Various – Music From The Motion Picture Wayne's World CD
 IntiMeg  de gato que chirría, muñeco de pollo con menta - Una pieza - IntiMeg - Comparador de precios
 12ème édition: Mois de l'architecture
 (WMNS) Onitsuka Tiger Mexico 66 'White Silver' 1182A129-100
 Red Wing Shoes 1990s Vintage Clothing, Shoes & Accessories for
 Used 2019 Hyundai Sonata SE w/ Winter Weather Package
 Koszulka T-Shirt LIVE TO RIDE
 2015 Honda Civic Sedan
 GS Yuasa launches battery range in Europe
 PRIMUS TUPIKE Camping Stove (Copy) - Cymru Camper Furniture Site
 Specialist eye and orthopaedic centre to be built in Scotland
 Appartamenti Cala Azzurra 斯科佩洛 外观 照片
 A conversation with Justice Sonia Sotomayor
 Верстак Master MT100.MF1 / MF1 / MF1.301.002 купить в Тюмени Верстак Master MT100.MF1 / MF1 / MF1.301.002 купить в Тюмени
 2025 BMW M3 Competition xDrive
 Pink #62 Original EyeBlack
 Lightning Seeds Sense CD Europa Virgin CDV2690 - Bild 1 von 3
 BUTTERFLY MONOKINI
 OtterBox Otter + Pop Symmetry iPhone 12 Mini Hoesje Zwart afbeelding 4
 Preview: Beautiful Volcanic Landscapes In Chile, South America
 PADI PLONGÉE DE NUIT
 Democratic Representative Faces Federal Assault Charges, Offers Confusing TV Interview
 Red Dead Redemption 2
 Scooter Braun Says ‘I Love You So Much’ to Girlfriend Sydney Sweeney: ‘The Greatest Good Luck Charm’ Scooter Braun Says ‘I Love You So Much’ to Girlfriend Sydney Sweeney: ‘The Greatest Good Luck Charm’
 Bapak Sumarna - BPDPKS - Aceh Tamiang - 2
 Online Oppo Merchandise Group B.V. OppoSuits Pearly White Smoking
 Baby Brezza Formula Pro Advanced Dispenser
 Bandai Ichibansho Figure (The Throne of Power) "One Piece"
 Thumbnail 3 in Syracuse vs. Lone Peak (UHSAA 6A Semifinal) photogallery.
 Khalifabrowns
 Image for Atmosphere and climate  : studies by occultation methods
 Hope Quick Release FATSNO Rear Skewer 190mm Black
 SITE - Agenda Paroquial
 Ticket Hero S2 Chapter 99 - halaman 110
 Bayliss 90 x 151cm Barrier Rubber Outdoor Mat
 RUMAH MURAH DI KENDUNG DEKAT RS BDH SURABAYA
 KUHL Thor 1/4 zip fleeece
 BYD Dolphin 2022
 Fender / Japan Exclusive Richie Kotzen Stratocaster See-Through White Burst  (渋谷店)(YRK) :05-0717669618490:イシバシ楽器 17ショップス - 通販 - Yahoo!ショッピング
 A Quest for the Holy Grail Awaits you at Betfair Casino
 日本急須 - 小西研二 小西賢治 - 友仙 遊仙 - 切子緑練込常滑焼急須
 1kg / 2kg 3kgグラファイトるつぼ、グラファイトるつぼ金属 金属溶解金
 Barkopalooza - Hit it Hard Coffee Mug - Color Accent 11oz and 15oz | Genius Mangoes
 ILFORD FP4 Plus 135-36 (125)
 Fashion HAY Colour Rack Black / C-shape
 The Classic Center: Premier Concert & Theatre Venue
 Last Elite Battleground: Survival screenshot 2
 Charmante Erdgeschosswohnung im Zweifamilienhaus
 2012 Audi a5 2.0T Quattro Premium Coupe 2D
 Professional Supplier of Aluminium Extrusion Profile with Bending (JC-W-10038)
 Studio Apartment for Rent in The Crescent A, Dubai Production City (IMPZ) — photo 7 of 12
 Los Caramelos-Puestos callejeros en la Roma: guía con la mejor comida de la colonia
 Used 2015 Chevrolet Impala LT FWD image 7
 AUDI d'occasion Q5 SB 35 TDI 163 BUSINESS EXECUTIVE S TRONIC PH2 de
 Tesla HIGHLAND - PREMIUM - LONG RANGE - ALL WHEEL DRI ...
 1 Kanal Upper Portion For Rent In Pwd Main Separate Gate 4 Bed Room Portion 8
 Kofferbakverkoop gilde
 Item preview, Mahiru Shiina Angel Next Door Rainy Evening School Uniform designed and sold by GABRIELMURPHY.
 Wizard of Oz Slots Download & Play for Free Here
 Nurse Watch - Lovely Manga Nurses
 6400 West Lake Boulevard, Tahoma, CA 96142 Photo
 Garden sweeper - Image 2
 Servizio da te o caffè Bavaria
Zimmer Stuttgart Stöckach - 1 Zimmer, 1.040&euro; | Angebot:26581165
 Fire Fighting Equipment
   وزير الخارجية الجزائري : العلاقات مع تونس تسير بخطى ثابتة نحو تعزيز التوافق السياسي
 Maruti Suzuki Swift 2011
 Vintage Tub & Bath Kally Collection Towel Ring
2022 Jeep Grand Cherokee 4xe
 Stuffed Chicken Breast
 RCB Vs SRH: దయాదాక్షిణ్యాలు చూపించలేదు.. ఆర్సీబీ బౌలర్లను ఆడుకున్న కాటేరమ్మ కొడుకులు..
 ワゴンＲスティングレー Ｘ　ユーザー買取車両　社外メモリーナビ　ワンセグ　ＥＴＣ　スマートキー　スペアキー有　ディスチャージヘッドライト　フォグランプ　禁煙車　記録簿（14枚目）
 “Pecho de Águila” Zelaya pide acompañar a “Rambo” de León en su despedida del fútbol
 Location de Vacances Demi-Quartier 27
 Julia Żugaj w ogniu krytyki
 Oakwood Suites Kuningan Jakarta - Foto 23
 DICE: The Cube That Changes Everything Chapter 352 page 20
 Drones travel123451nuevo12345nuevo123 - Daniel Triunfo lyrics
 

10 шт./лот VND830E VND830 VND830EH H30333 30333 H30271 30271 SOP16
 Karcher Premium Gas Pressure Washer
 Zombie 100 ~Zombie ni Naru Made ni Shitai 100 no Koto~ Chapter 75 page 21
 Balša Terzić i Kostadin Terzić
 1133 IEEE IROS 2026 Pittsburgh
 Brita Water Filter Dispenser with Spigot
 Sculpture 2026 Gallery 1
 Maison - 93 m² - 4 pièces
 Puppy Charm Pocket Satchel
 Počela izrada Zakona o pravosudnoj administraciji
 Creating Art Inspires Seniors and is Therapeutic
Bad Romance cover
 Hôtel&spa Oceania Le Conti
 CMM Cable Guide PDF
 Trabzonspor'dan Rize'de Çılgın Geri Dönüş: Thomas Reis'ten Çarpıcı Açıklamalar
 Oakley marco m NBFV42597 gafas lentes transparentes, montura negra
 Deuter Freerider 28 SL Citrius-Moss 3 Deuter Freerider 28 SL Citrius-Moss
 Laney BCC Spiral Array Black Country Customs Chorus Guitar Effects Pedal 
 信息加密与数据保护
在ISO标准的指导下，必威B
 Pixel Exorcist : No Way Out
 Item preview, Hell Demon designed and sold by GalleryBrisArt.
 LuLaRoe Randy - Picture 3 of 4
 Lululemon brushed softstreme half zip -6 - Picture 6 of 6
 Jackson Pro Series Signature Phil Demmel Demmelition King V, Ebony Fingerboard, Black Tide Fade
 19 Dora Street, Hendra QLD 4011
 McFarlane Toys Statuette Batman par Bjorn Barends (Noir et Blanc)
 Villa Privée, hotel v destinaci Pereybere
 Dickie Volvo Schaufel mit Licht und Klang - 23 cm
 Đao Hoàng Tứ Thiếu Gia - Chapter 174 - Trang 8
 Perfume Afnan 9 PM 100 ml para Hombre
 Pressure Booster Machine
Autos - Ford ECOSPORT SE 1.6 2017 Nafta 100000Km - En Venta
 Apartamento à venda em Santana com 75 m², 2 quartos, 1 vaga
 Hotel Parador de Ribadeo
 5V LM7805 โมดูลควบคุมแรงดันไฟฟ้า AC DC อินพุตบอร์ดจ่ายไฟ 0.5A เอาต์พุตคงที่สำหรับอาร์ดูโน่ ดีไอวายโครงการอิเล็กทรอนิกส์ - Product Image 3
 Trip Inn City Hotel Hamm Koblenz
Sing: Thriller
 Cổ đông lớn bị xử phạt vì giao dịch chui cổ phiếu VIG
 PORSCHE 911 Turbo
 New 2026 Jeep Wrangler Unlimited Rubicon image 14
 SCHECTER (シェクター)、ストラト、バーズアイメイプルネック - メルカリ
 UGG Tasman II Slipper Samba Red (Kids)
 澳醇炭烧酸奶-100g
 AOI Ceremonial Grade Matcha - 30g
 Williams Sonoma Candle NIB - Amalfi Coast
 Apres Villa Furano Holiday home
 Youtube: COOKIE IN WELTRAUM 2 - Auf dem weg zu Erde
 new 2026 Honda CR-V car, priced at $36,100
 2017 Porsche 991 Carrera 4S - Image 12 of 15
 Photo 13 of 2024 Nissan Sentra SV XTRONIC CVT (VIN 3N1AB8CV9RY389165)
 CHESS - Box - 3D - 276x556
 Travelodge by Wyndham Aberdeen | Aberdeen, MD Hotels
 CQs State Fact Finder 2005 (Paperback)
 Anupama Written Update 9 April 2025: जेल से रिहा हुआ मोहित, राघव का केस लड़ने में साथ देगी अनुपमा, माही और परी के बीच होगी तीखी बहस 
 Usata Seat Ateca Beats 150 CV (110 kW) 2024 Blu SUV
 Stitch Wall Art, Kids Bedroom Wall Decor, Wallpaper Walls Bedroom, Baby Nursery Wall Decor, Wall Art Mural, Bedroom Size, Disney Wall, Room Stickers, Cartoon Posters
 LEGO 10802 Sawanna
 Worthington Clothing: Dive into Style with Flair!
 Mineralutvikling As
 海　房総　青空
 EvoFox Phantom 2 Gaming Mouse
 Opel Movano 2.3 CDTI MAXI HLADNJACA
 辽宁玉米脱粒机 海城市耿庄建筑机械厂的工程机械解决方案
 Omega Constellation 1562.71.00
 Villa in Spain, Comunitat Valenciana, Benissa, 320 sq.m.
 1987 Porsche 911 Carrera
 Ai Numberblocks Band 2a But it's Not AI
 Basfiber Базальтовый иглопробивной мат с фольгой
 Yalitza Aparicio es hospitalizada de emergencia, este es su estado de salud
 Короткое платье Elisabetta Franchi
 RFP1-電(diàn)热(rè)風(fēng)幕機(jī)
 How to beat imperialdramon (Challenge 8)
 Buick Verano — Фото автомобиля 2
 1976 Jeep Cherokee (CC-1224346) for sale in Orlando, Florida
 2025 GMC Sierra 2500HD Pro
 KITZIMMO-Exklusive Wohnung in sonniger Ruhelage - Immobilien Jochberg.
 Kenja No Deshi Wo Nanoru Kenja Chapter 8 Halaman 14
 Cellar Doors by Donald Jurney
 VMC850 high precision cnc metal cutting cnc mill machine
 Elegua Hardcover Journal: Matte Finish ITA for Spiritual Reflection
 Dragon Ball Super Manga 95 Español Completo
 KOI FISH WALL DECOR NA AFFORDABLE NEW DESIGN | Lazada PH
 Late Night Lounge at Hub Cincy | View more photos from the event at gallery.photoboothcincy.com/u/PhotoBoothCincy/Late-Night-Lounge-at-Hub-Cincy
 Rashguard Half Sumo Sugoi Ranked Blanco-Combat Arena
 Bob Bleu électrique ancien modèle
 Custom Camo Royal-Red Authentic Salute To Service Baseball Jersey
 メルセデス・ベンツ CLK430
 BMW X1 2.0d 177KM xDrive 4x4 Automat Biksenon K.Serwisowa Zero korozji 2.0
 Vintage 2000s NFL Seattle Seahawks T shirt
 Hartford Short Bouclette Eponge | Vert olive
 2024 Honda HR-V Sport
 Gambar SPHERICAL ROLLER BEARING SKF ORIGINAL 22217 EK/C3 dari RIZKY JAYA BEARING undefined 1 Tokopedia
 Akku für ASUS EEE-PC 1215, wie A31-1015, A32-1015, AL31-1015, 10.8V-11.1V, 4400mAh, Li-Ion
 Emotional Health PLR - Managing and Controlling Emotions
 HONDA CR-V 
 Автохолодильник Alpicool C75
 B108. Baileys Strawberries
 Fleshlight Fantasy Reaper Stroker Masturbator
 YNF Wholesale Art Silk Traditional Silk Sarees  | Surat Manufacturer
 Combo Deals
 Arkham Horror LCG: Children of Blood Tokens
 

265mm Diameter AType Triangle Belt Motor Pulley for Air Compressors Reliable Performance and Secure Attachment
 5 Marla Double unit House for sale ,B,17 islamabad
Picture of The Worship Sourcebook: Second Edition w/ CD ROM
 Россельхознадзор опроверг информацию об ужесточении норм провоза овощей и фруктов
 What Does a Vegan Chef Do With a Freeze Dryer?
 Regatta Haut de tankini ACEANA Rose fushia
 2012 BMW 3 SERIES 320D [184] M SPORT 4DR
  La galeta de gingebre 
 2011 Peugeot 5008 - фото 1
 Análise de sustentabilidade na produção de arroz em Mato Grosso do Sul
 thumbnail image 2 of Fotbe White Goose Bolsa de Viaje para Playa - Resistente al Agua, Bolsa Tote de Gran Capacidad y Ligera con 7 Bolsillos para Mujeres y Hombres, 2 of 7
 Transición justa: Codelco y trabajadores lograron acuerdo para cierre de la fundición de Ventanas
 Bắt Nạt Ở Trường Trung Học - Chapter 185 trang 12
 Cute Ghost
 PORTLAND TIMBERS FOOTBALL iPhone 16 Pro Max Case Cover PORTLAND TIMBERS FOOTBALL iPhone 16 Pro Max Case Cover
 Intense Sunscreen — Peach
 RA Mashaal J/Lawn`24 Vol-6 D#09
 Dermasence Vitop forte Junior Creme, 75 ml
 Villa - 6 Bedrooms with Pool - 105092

....

What the task asks: Take the records above and return, word for word, only the lines that fall from the line with "OtterBox Otter +" to the line with "Red Dead Redemption 2", both of them included.

Your response:
 OtterBox Otter + Pop Symmetry iPhone 12 Mini Hoesje Zwart afbeelding 4
 Preview: Beautiful Volcanic Landscapes In Chile, South America
 PADI PLONGÉE DE NUIT
 Democratic Representative Faces Federal Assault Charges, Offers Confusing TV Interview
 Red Dead Redemption 2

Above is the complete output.